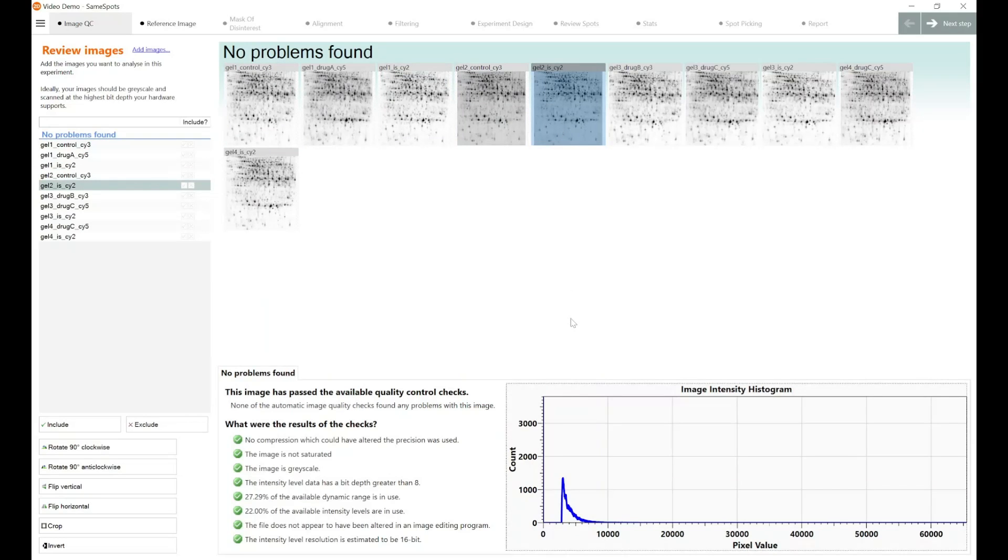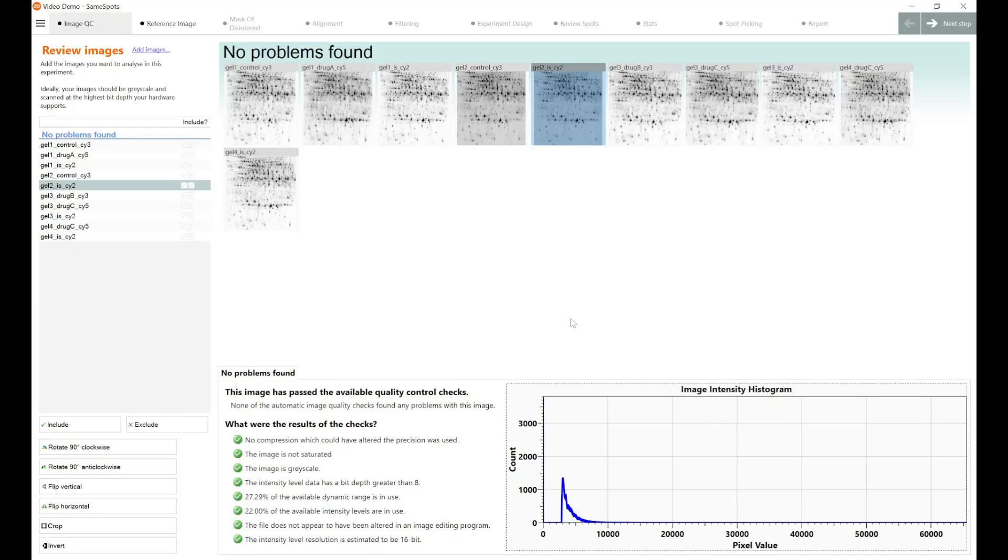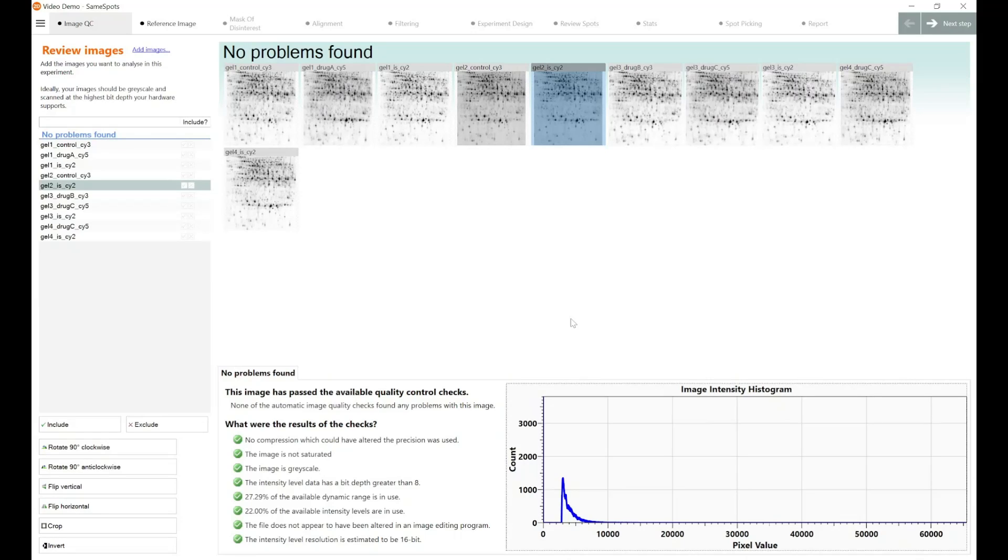The histogram at the bottom just shows you how many pixels you have on the left-hand axis, and the range of pixel values on the bottom axis. So those are the number of pixels on the left, and then the intensity of the pixels on the bottom axis. This is how SameSpots can allow your operators, your lab, to maintain a high level of quality control for the images that are going to be analyzed, and the assumptions and the experimental hypotheses that are going to be proved as a result of your analysis.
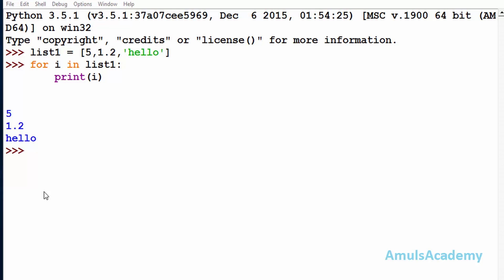Hello guys and welcome to Python programming tutorials by Amuls Academy. Today in this tutorial we are discussing about the iterators and iterables in Python programming language.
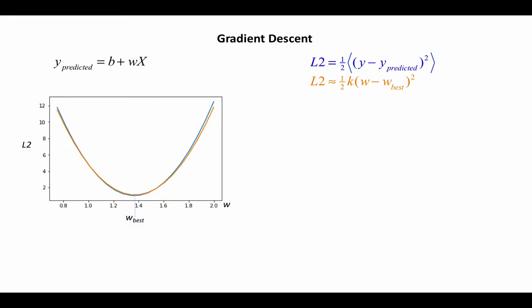In the last video, I made this blue plot here where I plot the loss function L2 as a function of W while I keep B constant. So that is this plot here.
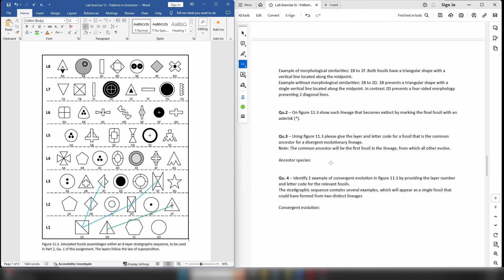For question 3, still looking at figure 11.3, it asks you to give the layer and letter code for a fossil that is the common ancestor for a divergent evolutionary lineage. In the case of divergent evolution, you have an ancestor species that diverges to give at least two lineages — it could be three or four. On this diagram you're going to find a fossil that produces two lineages. It could be from layer 1 or even from layer 3 or layer 6 — just find a good example and write the ancestor species and letter code.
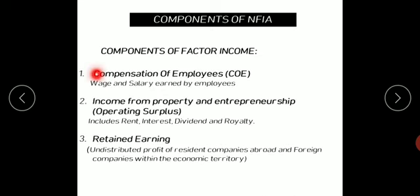The first component of NFIA is Compensation of Employees, known as COE. COE represents wages and salaries earned by employees. When labor provides services in some productive work, the wage or salary received is called COE. If Indian workers are working outside the economic territory of India and earning wages and salary, that is counted as COE — a part of factor income from abroad.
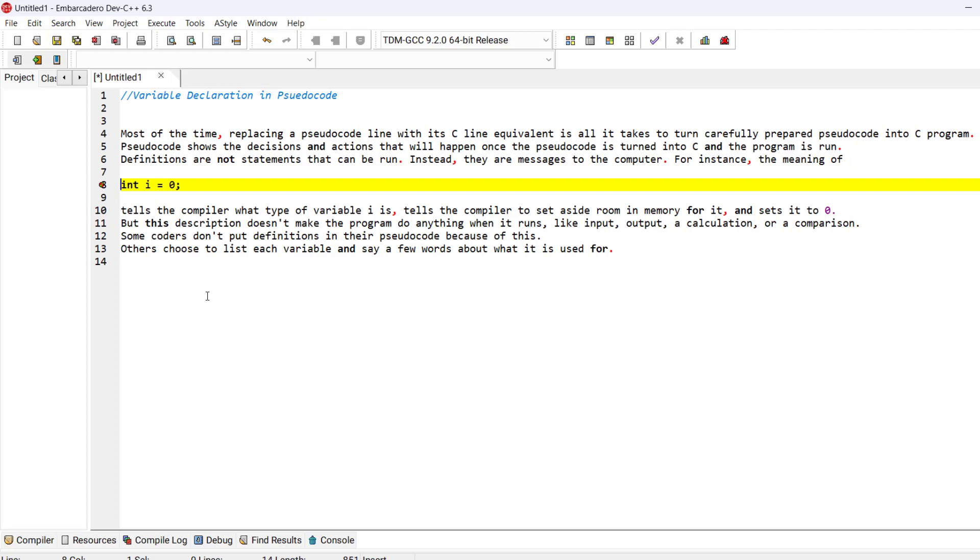But this description doesn't make the program do anything when it runs, like any input or output or a calculation or a comparison.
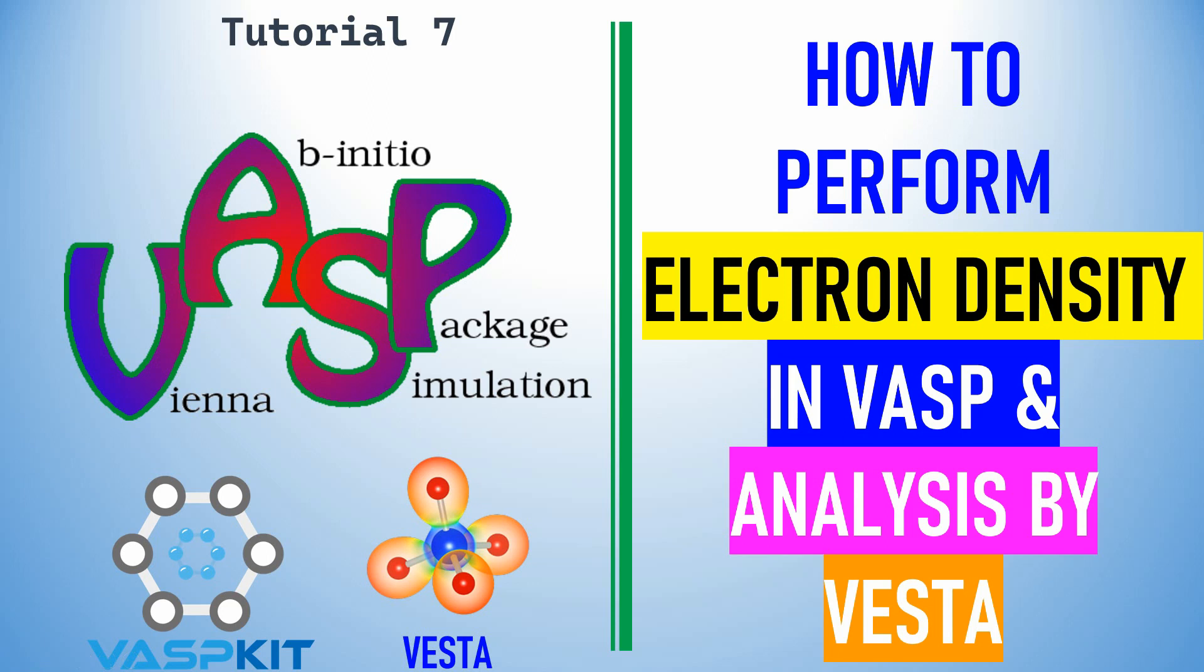Dear friends, this is my tutorial 7 on VASP. In this video I am going to tell you how to perform electron density in VASP and analysis by Vesta.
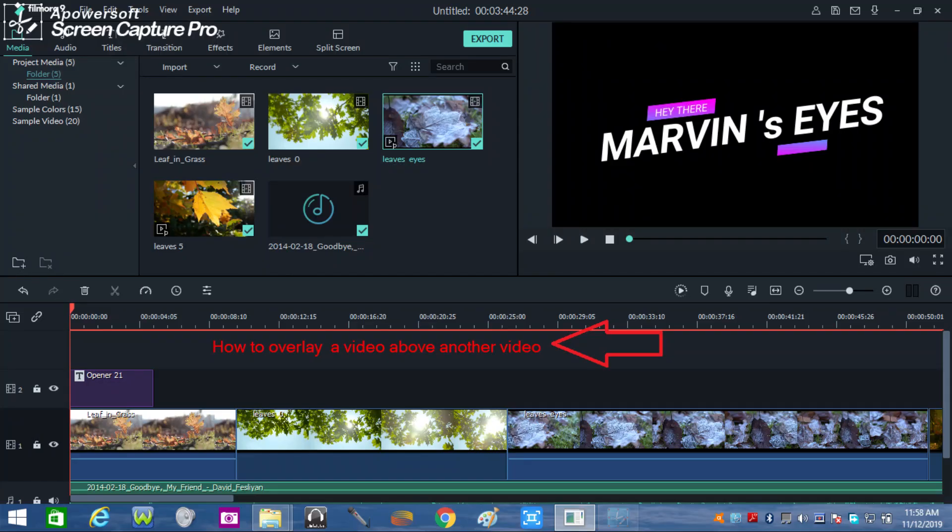Hi, this is Marvin. In this episode, I'm going to show you how videos can overlay each other. In other words, how actions take place dramatically within a single video.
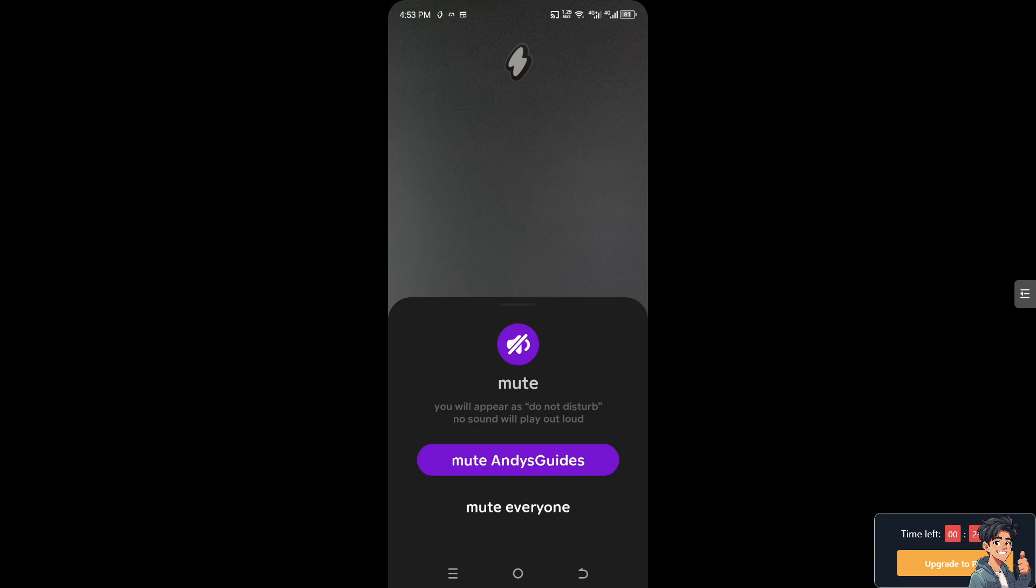Ultimately, muting everyone might simply be a matter of personal preference or temporary need for solitude in managing finances. It allows you to customize your experience on the app according to what works best for you at a given time.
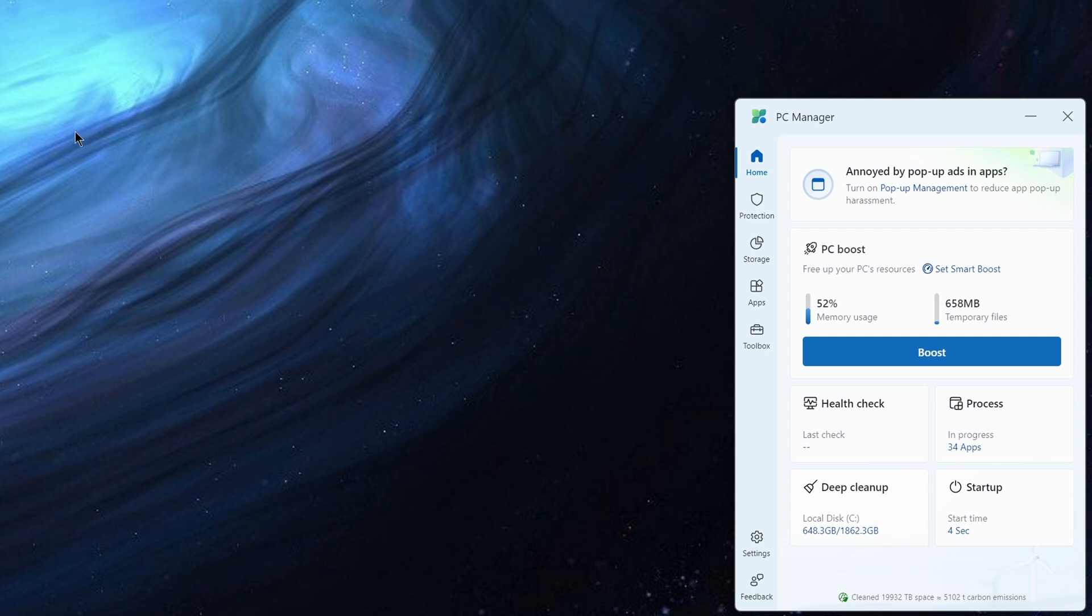Now this tool is really leveraging some of the existing abilities in the OS, for example storage sense, disk cleanup, Windows security features, task manager capabilities, but it's trying to bring it to the forefront.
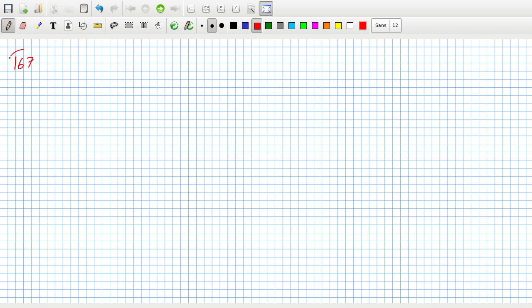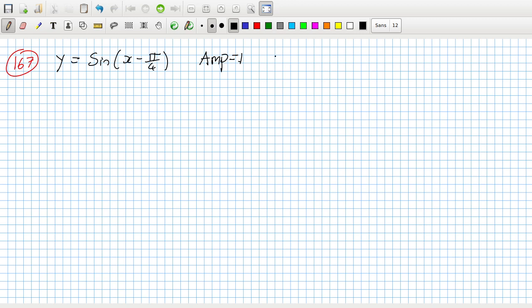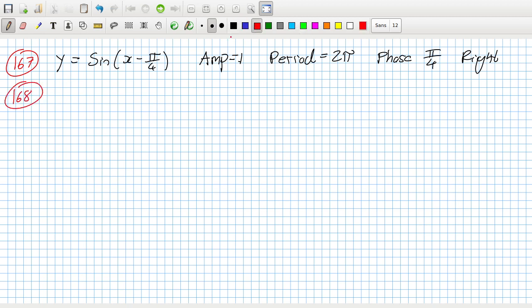For the following exercise find the amplitude, the period, and the phase shift with the direction. 167: I can write that as y equals sine x minus pi over four. The amplitude is one, the coefficient on the sine is one. The period is your standard two pi, and then the phase is pi over four to the right. Let's see if that's how they express the answer. One, two pi, and pi over four units to the right. Correct, super duper.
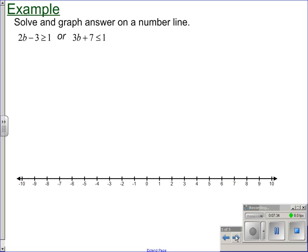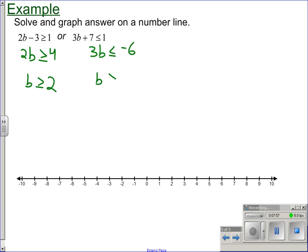Last one: the OR statement — one or the other, or both. Solve them individually. For the first: 2B is greater than or equal to four, divide by two, giving B is greater than or equal to two — closed circle, arrow going right. For the second: subtract seven to get negative six, then divide by three to get negative two — closed circle at negative two, arrow going left. With the OR, these arrows go in opposite directions like rays. You can't have a single number in both, but any number in at least one of them satisfies the inequality.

• • • • •

● **Task details**
Would you please repeat only the lines above, beginning at the one that has "In the last" and stopping after the one that has "Ultimately, muting everyone", exactly and with no pictures?

● **Result**
In the last video, I made this blue plot here where I plot the loss function L2 as a function of W while I keep B constant. So that is this plot here.
For question 3, still looking at figure 11.3, it asks you to give the layer and letter code for a fossil that is the common ancestor for a divergent evolutionary lineage. In the case of divergent evolution, you have an ancestor species that diverges to give at least two lineages — it could be three or four. On this diagram you're going to find a fossil that produces two lineages. It could be from layer 1 or even from layer 3 or layer 6 — just find a good example and write the ancestor species and letter code.
The first component of NFIA is Compensation of Employees, known as COE. COE represents wages and salaries earned by employees. When labor provides services in some productive work, the wage or salary received is called COE. If Indian workers are working outside the economic territory of India and earning wages and salary, that is counted as COE — a part of factor income from abroad.
But this description doesn't make the program do anything when it runs, like any input or output or a calculation or a comparison.
Dear friends, this is my tutorial 7 on VASP. In this video I am going to tell you how to perform electron density in VASP and analysis by Vesta.
Hi, this is Marvin. In this episode, I'm going to show you how videos can overlay each other. In other words, how actions take place dramatically within a single video.
Ultimately, muting everyone might simply be a matter of personal preference or temporary need for solitude in managing finances. It allows you to customize your experience on the app according to what works best for you at a given time.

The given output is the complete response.